El resplandor que entra desde el patio hace que la silueta de las dos mujeres reverbere (…). Las observa en silencio. Isabel intenta bajar la cremallera atascada de la rebeca. Cambia de posición, tira de la parte inferior de la prenda para tensarla pero no consigue su propósito. Es el forro, dice la madre, que se ha descosido y se me engancha. La hija resopla dando tirones cada vez más bruscos. Es que vaya con la rebeca, dice la hija. Qué le pasa. Pues que llevas con ella treinta años. Una rebeca con forro, dónde se ha visto eso. Y en pleno verano, mamá, que te vas a asfixiar. Está flamante, dice la madre. Flamante es una palabra que solo usa su madre. Sí, ya lo veo que está flamante. Por eso llevo aquí un rato pegando tirones. Sus figuras se confunden entre sí contra el resplandor exterior. Son dos luchadoras goyescas. Forman una sola mancha cuyo halo fosforescente muta como el de un microorganismo en un cultivo acuoso.
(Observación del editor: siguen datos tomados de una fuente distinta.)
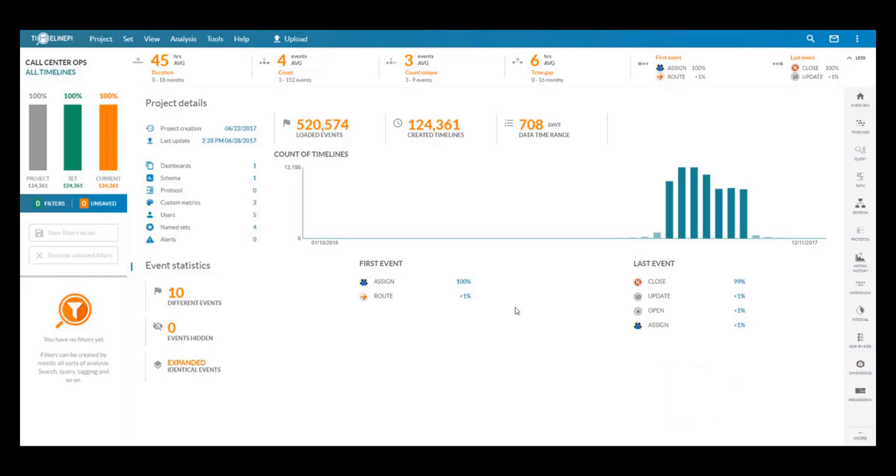If you think of a call center's operations, a customer will call in for any number of reasons. They've changed their address, need policy information, they have billing questions, possibly want to submit a claim and so on.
Juan se ausentó ciertamente pronto de su vida familiar para tratar de encontrar su sitio en Edimburgo: aprender inglés, una beca, estudios y colocaciones posteriores. Todo eran motivaciones y promesas que, sin embargo, no le permitieron obviar su verdadera intención: huir de la fábrica, del pueblo, de su familia. No por nada realmente problemático, sólo por necesidad de transpirar la libertad, la autonomía, la independencia.
Este viaje de vuelta a casa por una semana tiene una causa: el fallecimiento repentino de su padre tras un cáncer y un empeoramiento. Isabel, su hermana, le reprocha todas sus ausencias y frialdades desde que se encuentran. Le avisó del estado de su padre y no ha osado acudir hasta el fin.
El sonido de los tacones arrastrándose de manera desigual. Un patrón tan singular como la huella dactilar o los colores del iris. Solo los miembros del clan pueden decodificar determinados signos.
Juan se encuentra en un mundo casi paralelo, como anestesiado. Hasta que se encuentra de golpe con su realidad: Isabel marcha a EEUU con su familia por motivos profesionales, su amigo Fermín le abofetea de palabra diciendo que se ha vuelto un «gilipollas» y se tiene que quedar con su madre, recién diagnosticada de Alzhéimer.
De su libertad absoluta que ha tenido que abandonar (sus queridos rododendros y su jardín botánico escocés) pasa a estar pendiente de una mujer que ha vivido abnegada, sin quejarse, y que se vuelve dependiente paulatinamente.
No sabe qué hora es cuando llega a casa. En la cocina, la bandeja de la cena está donde él la había dejado. Destapa el cazo. La sopa, intacta. El cuenco, limpio; la cuchara, a un lado sobre la servilleta de papel sin usar. Las siete pastillas de la noche están en el fondo de la tacita que usan para dosificar los medicamentos (…).
Juan regresa a la cocina y abre el frigorífico. Todo está como lo dejó. No falta nada, no hay peladuras de naranja en la basura, ni migas de pan ni un vaso de agua a medio beber. Su madre no ha cenado.